Just my $0.02 (and devaluing daily it seems)
I don't have the equipment or the interest in doing a scientific test of the camera's focus. However, I did notice early on that it seems to want to focus behind my intended subject with my 17-55 mm f2.8 lens. Of course, the closer you are to the subject the more apparent the error is.
Here are two images I shot. In both cases, the actual point of focus is the rose branch on the left. The actual focus is the branch just to the right.

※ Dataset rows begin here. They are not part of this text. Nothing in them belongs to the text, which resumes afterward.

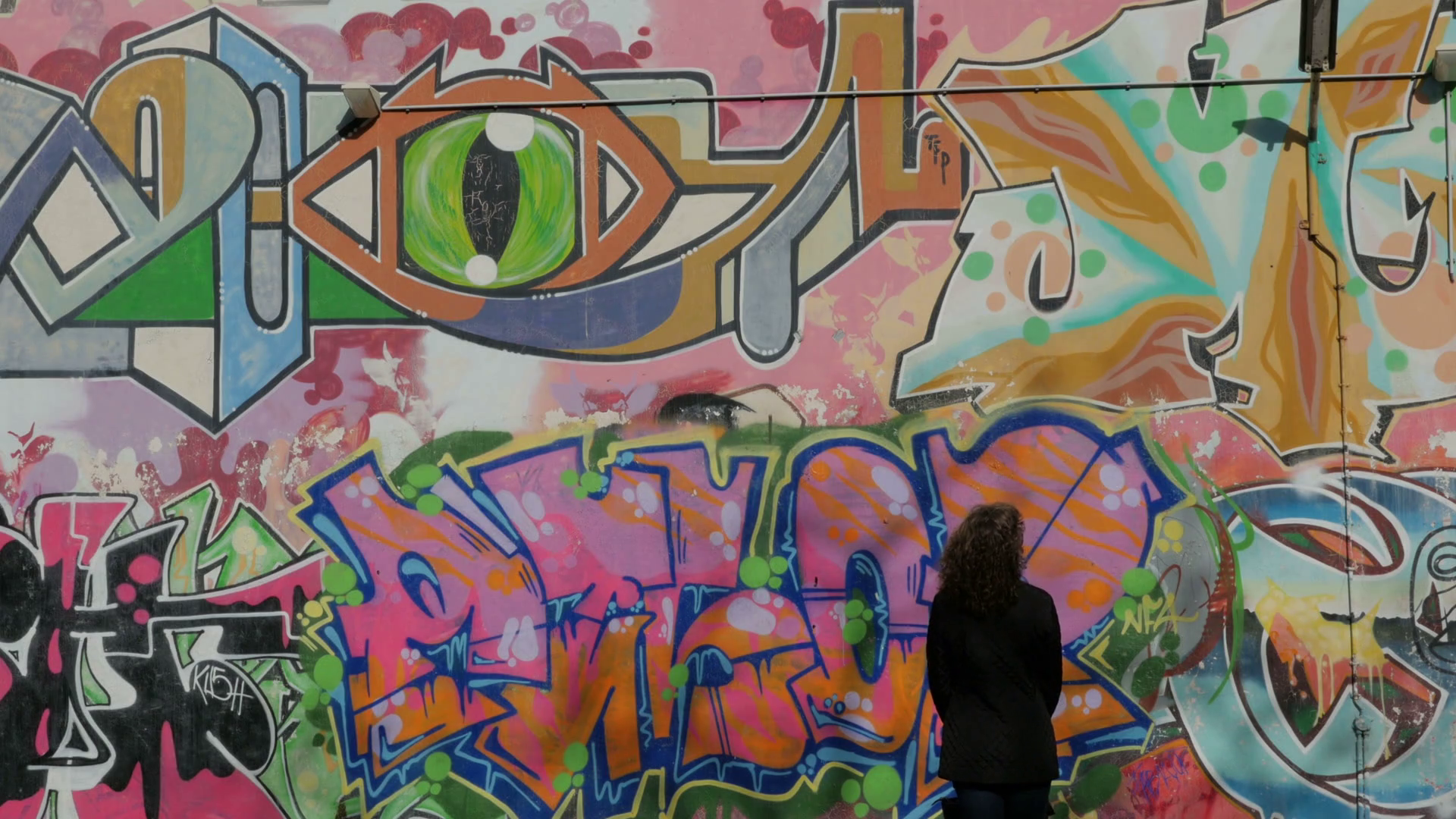 Girl looking at wall of Graffiti, Graffiti on Wall, Old Town ...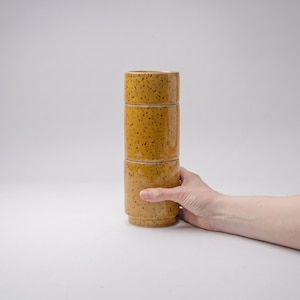 May include: A stack of three cylindrical ceramic cups in a mustard yellow glaze with dark brown speckles. Each cup features a smooth, straight-sided design with a slightly recessed base, allowing them to fit securely together in a vertical column.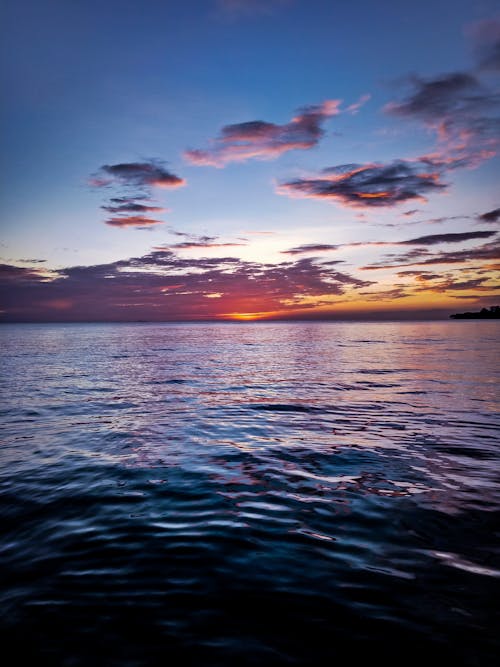 Безкоштовне стокове фото на тему «skyscape, берег моря, вечір»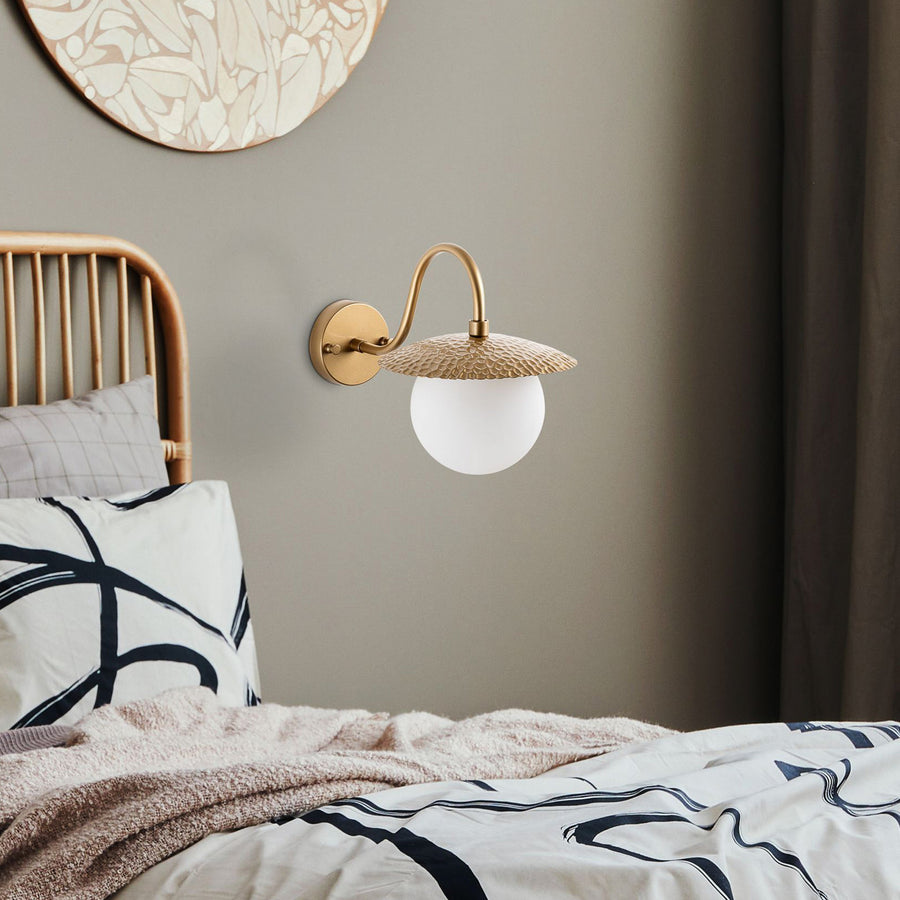 Applique murale dorée installée au-dessus d’un lit dans une chambre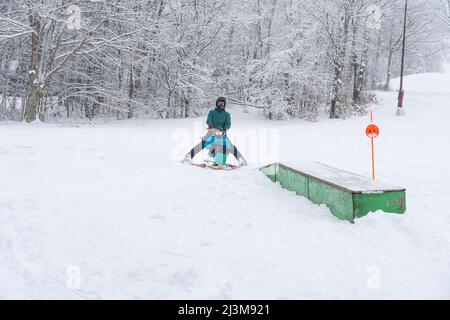 Adaptives Skifahren für ein Mädchen mit Ullrich kongenitaler Muskeldystrophie, in einem Skigebiet mit einem Instruktor Stockfoto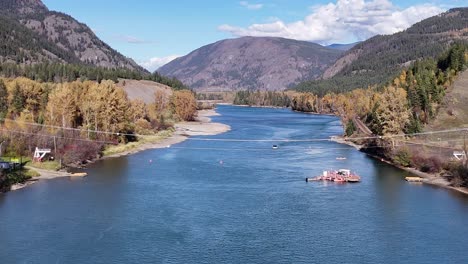 Golden-Canopy:-Thompson-River-Aerials-with-Cable-Ferry-and-Forested-Mountains-in-Autumn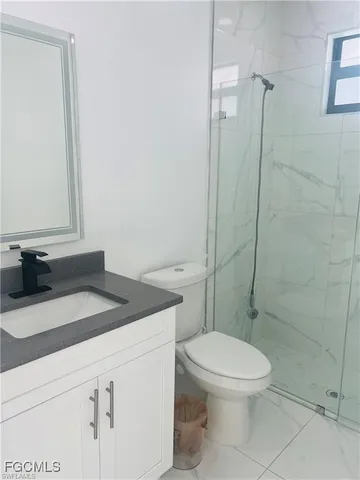 a bathroom with a sink window and a shower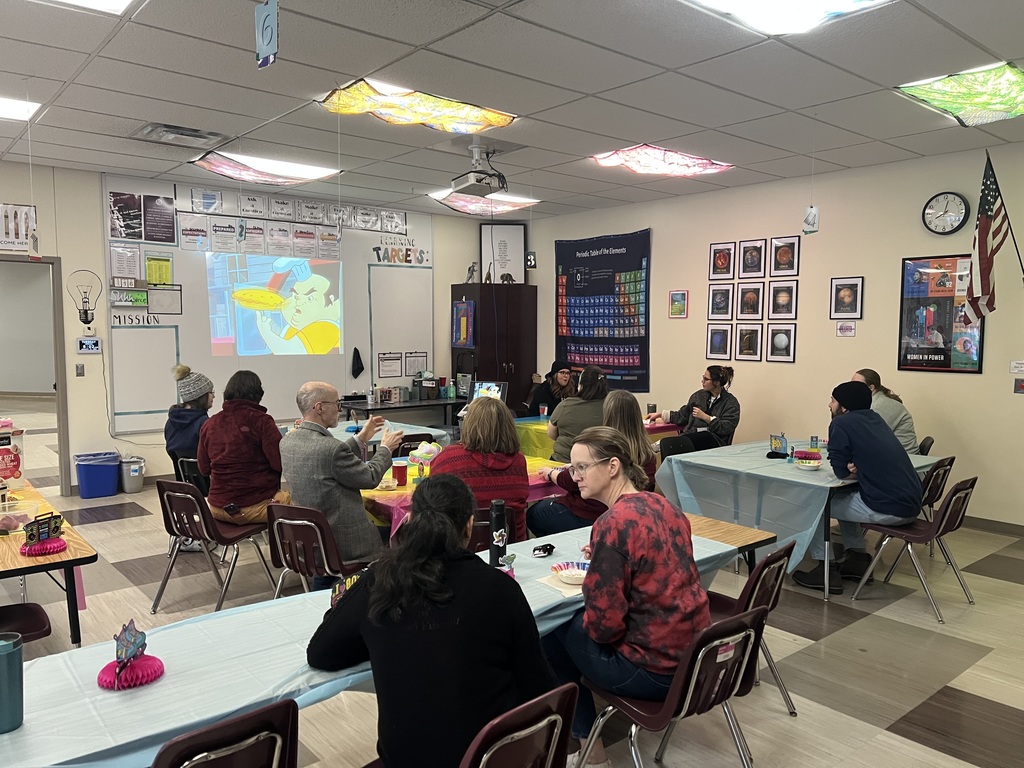 adults watching cartoons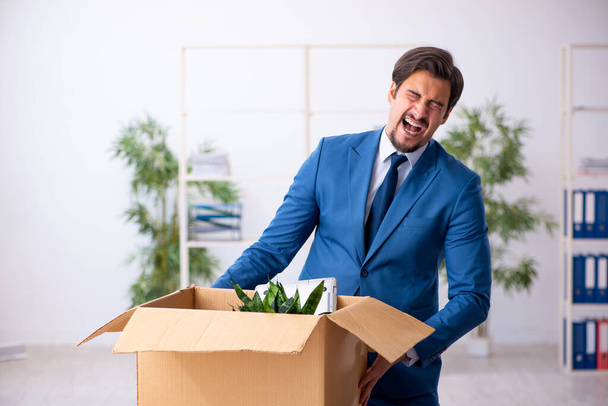 Young businessman employee in business relocation concept - Photo, Image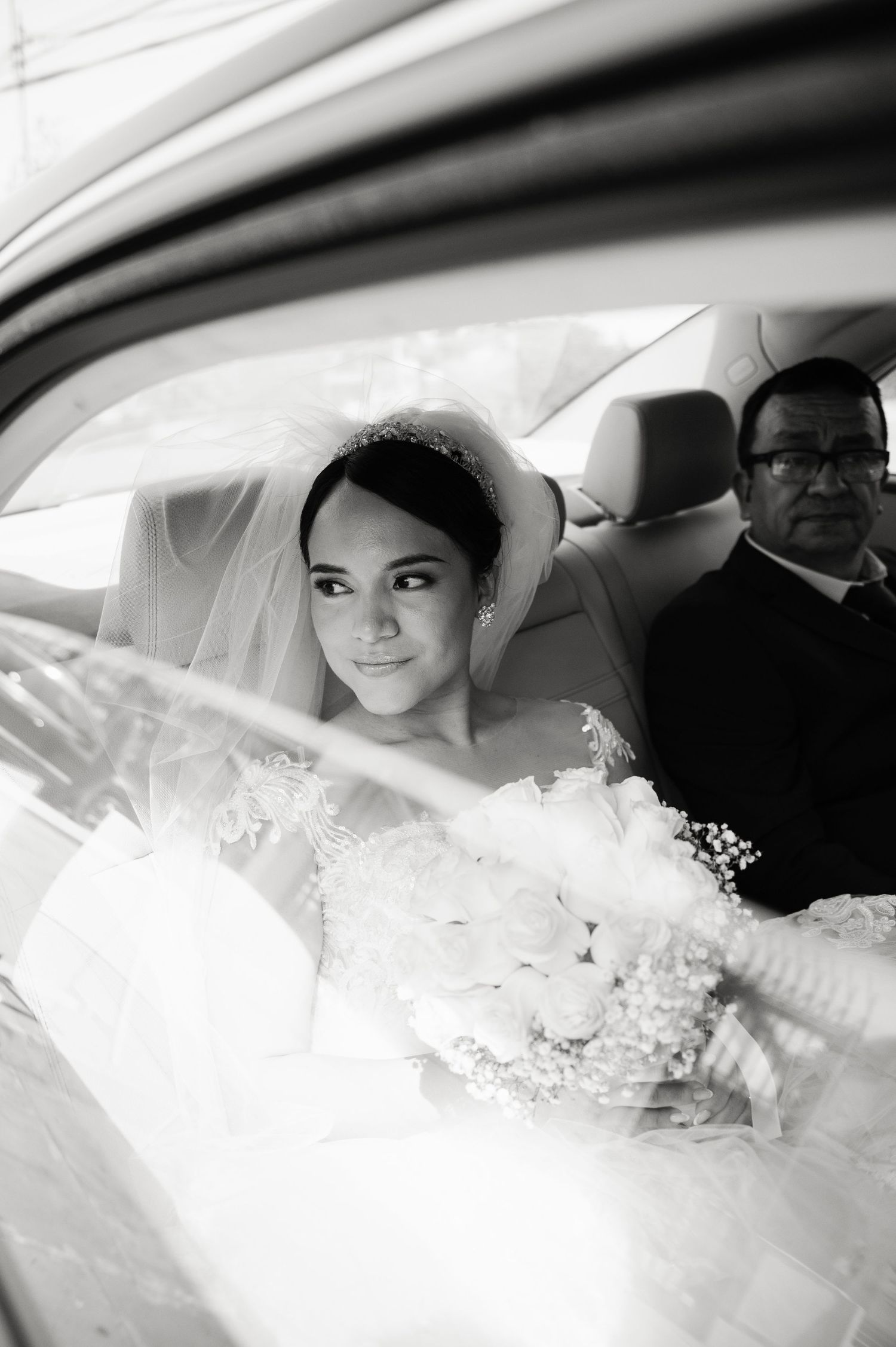 A bride wearing a white veil and dress sits in a car on her wedding day, captured in black and white photography.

The lens is the 17-55mm f2.8 @ 55mm. The shooting distance is 3 feet. The distance from the intended focus point to the actual focus is 3 inches.
The first images is shot at f2.8 and the second is f8. The rest of the shooting data is the same for both images except of course the shutter speed changed.
The f8 shot brings the intended subject more into focus from DOF but it is not the same photo. I think in critical images, I'll start to manually bring the focus a little bit toward me. How much is going to be a guess.
I have been told that it is best not to go wider than f8 because of these very focussing problems. There is some way of establishing a proper focus manually shooting newsprint and then marking the exterior of the lens with a dot. Perhaps someone else knows how to do this.
I am still learning about the peculiarities of exposure. My camera tells me that the exposure is quite good, and Photoshop CS3 tells me that I have underexposed rather a lot, so I guess I will have to develop better intuition. Actually the blacks aren't right either, and the whole photo sits in the middle of my histogram in CS3 and has to be expanded in both directions. However, most photos don't need the entire range, so I am managing pretty well to tease photos into looking good.
All in all I am fascinated with ir photography, and sometimes I forget to shoot with my regular D80 which is sitting right next to me.
Most of the time I think, especially landscapes, using DOF to get stuff in focus is fine. But these Life Pixel cameras are supposed to be adjusted to focus for IR not visible light. The problem is that every lens is unique and my camera is adjusted for the 18-70mm AF-S lens which I don't use. So I'm doing some informal testing. I now know that my 17-55mm lens focuses 3 inches behind the subject at close range. I can now adjust for that when needed.
In the images I posted, even the f8 one is not sharp at the point of focus. Much better to get it right if you can when you are up close with shallow DOF.
In the old days, Nikon gave us IR focus marks on the lenses. I still have some like that but they stopped that practice many years ago.
I am finding that a +1.3 to +1.7 EV adjustment the shot in normal daylight conditions gets me a reasonable exposure. Shooting RAW and post in NX fixes any issues. My histograms look like a normal image that might be some underexposed.
I haven't done a lot indoors with the SB-800 yet but enough to know that the strobe needs to be set for +1.0 as well as the camera for even close work.